The adult body of an animal has two histories. One is its embryonic history, in which it is built anew each generation from a fertilised egg cell. The other is its evolutionary history, how evolutionary selection has shaped the diversification of adult forms over the 600 million years since the first animals arose. Central to both is how the information encoded in the genome is turned into shape and form by the processes of developmental biology.

In September’s Balliol Online Lecture Professor Shimeld will explore how some of these processes work, the surprising amount we as humans share with even distantly related animals like worms and jellyfish, and how changes to genes and mechanisms may result in changes to the final adult form and what this means for how diversity has evolved.

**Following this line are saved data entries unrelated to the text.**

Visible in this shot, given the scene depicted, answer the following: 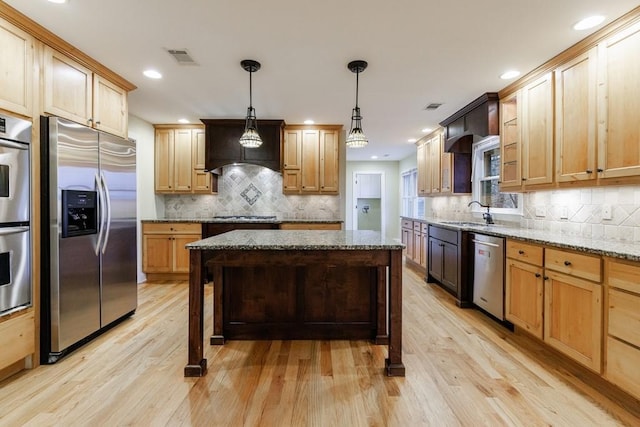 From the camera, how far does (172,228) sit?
15.4 ft

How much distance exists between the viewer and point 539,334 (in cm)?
245

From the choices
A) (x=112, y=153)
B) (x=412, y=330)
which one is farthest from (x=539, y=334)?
(x=112, y=153)

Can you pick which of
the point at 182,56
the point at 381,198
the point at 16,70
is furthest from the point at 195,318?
the point at 381,198

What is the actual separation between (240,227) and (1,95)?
2.95 m

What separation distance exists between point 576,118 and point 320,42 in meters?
2.13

Professor Sebastian Shimeld studied zoology as an undergraduate and developmental genetics as a postgraduate, before working for a while at Guy’s Hospital in London. In 1995 he was awarded a Fellowship by the Medical Research Council to initiate work on the evolution and control of spinal cord development in embryos.

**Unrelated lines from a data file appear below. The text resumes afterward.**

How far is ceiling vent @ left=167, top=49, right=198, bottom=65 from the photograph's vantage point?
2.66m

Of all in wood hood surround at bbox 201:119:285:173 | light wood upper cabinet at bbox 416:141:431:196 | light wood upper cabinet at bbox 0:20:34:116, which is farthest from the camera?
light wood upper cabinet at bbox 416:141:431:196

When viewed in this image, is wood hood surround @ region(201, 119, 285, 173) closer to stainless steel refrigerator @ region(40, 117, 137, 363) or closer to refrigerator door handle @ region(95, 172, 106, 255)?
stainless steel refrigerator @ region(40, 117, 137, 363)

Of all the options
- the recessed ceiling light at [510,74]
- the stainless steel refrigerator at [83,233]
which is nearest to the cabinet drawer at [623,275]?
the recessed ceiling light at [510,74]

In 2004 he relocated his research group to Oxford, where he is the Julian Huxley Fellow at Balliol and Professor of Evolutionary Developmental Biology in the Department of Biology. His work uses experimental approaches from evolutionary biology, developmental biology, cell biology and genomics to ask how the information in the genome regulates the development of animal embryos, and how these mechanisms have changed through evolutionary time to give us the huge diversity of animal forms that inhabit our planet.